# Hi-Ho Hi-Ho It's off to Idaho I go...



## TEX-O-BOB (Sep 12, 2007)

Actually, just got back... 2010's Idaho turkey venture turned out much better than last year. Caught pneumonia last year and had to come home and see the doctor. :x This year I got my revenge. Lots of turkeys, ZERO hunting pressure, and with the exception of one rainy morning, great 65 degree sunny weather the whole week. My partner Clint struck first with his gobbler, a nice 20 pound bird with a 10 inch beard and big spurs. The next day I accidentally shot a Jake.  Well, he LOOKED big! I sneaked up on two birds that were in some cover getting out of the rain, popped over the hill and there he was all puffed up and I thought for sure he was a tom. NOT! Oh well, went to the hardware store, bought a second tag, and went out that afternoon again after the rain cleared up. As soon as it stopped raining the birds came out of the woodwork. We found two big toms strutting with three hens in a large meadow. We sneaked through the trees to the edge of the meadow and got set up. I knew calling those toms off the hens was going to be a pipe dream so I went to work on calling the hens in instead. It worked, all the cutting and putting I did got the hens turned and coming our way. Thirty minutes later they were right on the fence and 20 yards away.
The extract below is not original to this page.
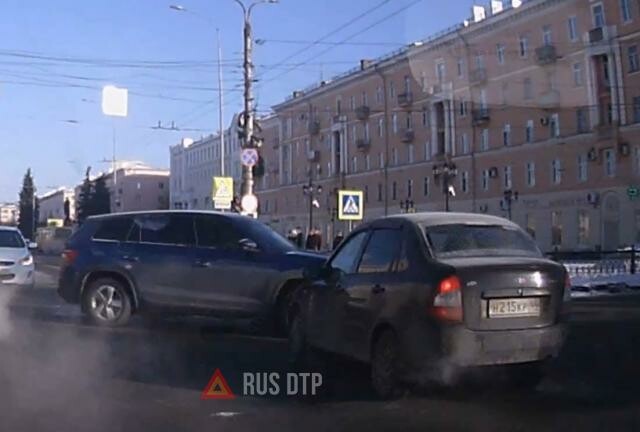 ДТП на перекрестке Ленина — Громобоя в Иванове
I had a huge bush in my way and couldn't get a shot. All the hens and one of the toms went under the fence and were getting into the timber behind me. I said to myself, it's now or never. So I did a commando role out from behind the bush, punched the safety on my gun and sat up to shoot. The big tom just deflated and stood there looking at me. Duuuh... That was his last mistake. :twisted: He wasn't as big as Clint's bird but a really nice bird non the less.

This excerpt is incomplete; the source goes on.